A Night at Birdland Vol. 3 may refer to two different jazz albums, both of which contain live material recorded by the Art Blakey Quintet at Birdland on February 21, 1954.
The first is the third album in the original 10" series (BLP 5039) released in 1954 by Blue Note Records.

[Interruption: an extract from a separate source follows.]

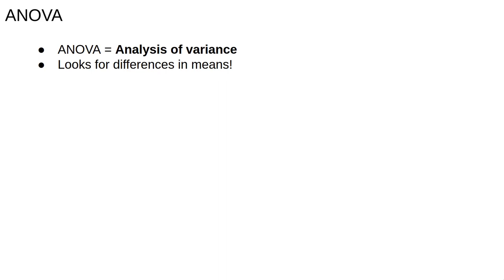Somewhat confusingly, ANOVA looks for differences in means. The V in the name comes from something called the Law of Total Variance, which tells you how to break up the total variance in a dataset into different components.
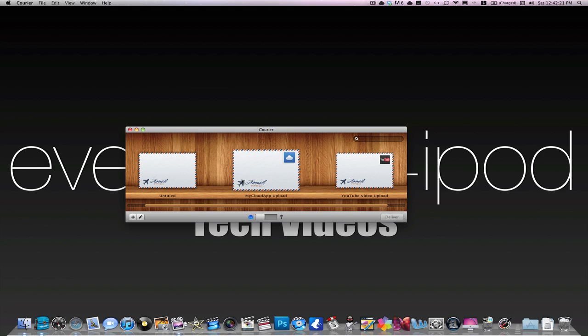I also have my cloud app set up, which is, for those of you who don't know, whenever we put a download link in any of our videos, we are using this application. Online application, kind of. It's an uploading server. So check that out. It is free and there's also a paid version of my cloud app, so that's pretty cool.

The three original 10" albums were repackaged as two 12" LPs in 1956, with all of the tracks from the original 10" Vol. 3 being included on the 12" Vol. 2.

The second album entitled A Night at Birdland Vol. 3 is a 12" album containing outtakes from the original session, released by the Toshiba Records in Japan, released in 1984. Three of the four tracks on the Japanese 12" Vol. 3 had previously been released as part of a 2 LP Compilation entitled Live Messengers (BN-LA473-J2) in 1975.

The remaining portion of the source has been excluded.